People say to me “You are so confident all the time”; I tell them it is the meds I take while I tend to rattle if shaken with the tragic concoction; I take Happy pills (anti-depressants), anti-teenage skin pills (adult acne), high as a kite pills (pain relief for my spine) not forgetting the pills to settle my stomach due to all the other pills.  I am still working on my own self belief after years of mandatory schooling, being told I was thick due to my being from a care background and hearing impaired, which in middle class Cheshire society was a sin before fostering/adoption became ‘fashionable’.  A standstill in my apparently amazing brain refutes this; that even after a 2:1 (Hons) in Social Policy and a place at Kings College London to study a MREs in Education and Social Sciences the men in suits, with regards to my pretending to be a leader of the future, still ask what in the world I thought I was doing believing that I am someone who can change the world.  That there is more chance of Simon Cowell inviting me on the X-Factor and declaring that my abysmal singing (worse than a junior production of Cats) is now to be a world class voice competing with the likes of Kate Voegele.

I went away from the first Leadership and Empowerment event feeling rejuvenated; ready to return to daily life a Civil Servant for the Department of Work and Pensions.  The advice I gained from meeting my magnificent inspiring coach inspired me to start planning my global domination, with people with all kinds of disabilities contributing to the way society is governed around the world.  I recovered from my encounter with Nephew who was lovely as long as he did not talk directly to me (dolls, horrid glass eyes).  Nephew I am sure feels the same about me as a human being with dark blue eyes, unnatural….
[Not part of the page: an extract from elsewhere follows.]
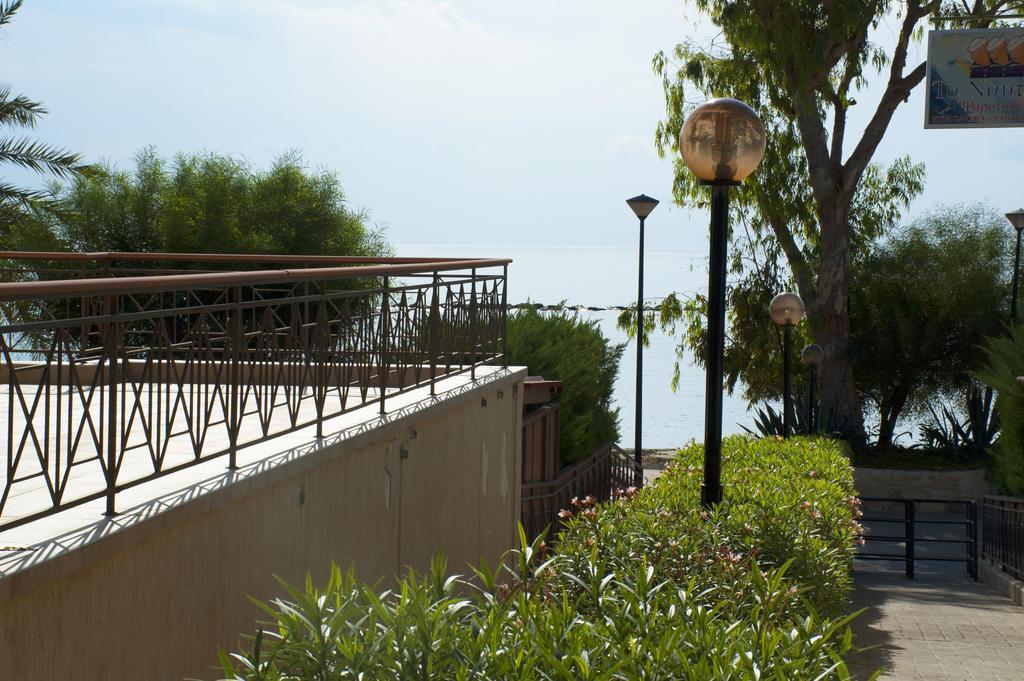 Sunrise Arches Apartments Limassol Phòng bức ảnh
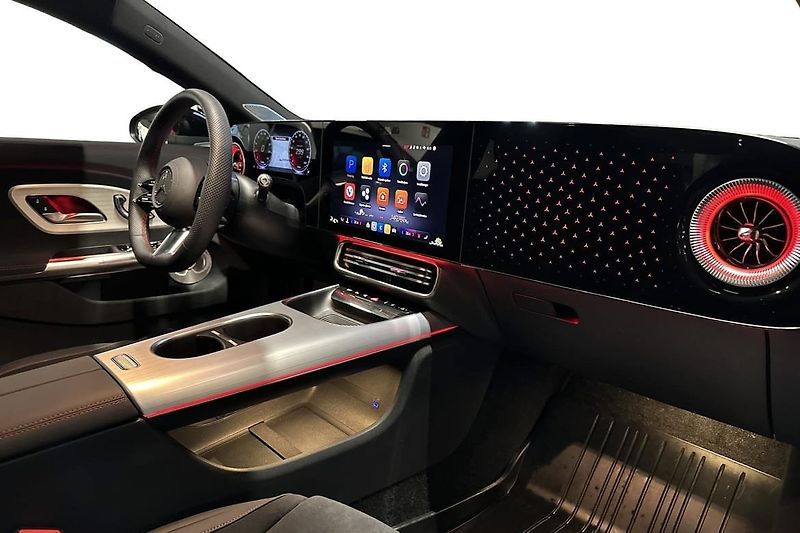 Mercedes-Benz CLA 350 4M AMG Pano 360 Burm HuD - fotka 10 z 25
The second event in Birmingham found me taking a friend whom has been a wonderful and guiding support to me since our meeting in December 2008.  There again were the inspirational speeches by Liz Sayce, whom after her talk I sought out as if I could achieve a fraction of the impact she made with regards to policies for disabled people, I may have to say I would have completed my life purpose.  The speech from Phil Friend was inspirational in that one does not need to be arrogant or considered conceited to believe in who you are.  A true leader changes the words IF I accomplish to WHEN I attain my goal

A leader is not a manger passing on information from the people above a leader is the individual who invokes change and policy initiatives.  I recently had this point clarified to me when to my immense shock upon departing the lift to the concourse at Salford University (where I undertook my undergraduate degree) that my shared vision had come into being.  A large empty space that was merely used as a corridor to the adjoining building was now astonishing, flat screen televisions in panels displaying information relevant to students and the faculty staffs, relaxing chairs, coffee tables with places for students to debate or rest between lectures.  When I called into see the faculty administrator, whom always supported my efforts for the students and staff relations told me that I am still talked about and honoured by the faculty staff, I realised that I can be a leader, I had already led a colossal change within the university environment.
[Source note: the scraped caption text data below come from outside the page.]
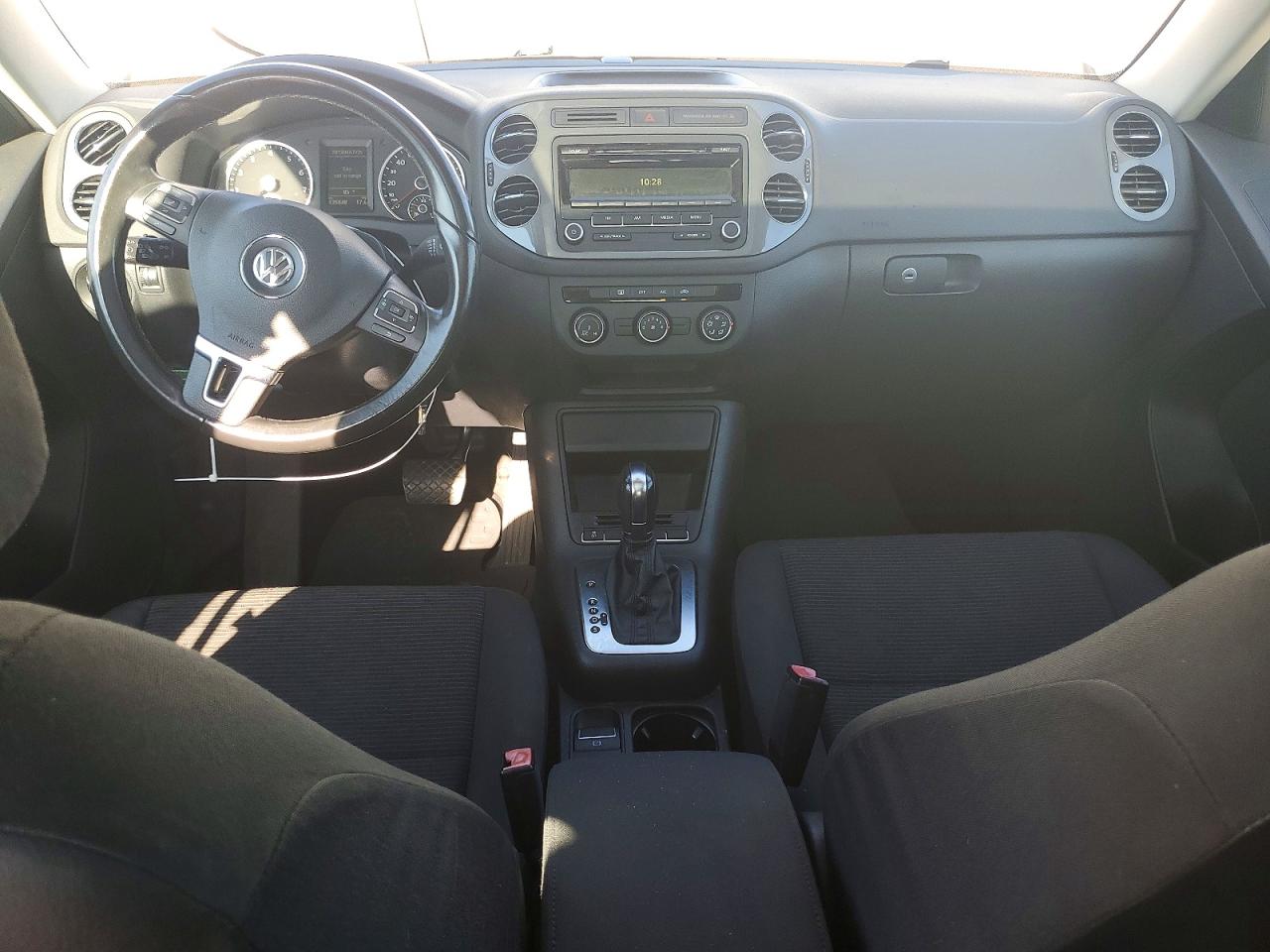 2013 Volkswagen Tiguan S White vin: WVGAV3AXXDW566460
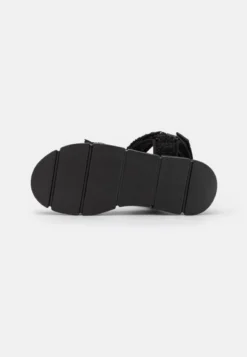 KG Kurt Geiger VEGAN RIGGED - Plateausandalette - Black -Trend Schuh Verkauf 479356374db04621a6637ecfb779ccfb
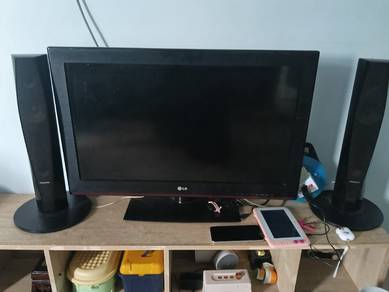 Lg tv 32' and Panasonic speaker tower 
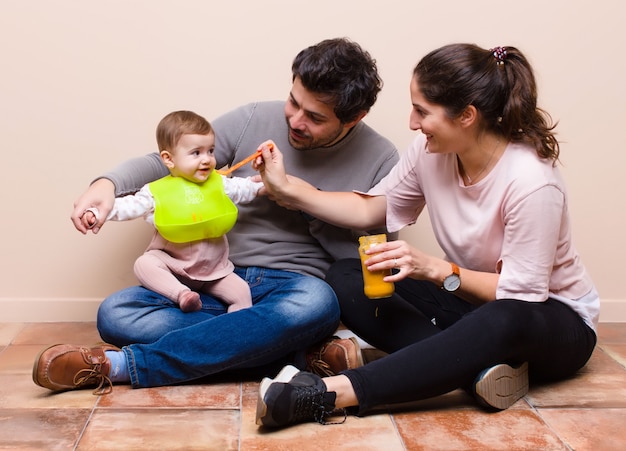 Baby en ouders lunchen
Informing the faculty members of my recent achievements, I took into account the contentment I feel when I have supported someone else with information that they require.

During the second leadership event, my coach had decided that I was the individual to be approached by fellow delegates to ask for information regarding their current situations.  To be honoured as the person most qualified for the advice is a feeling that one can only take as an honour and a credit to those who taught me and had faith in me.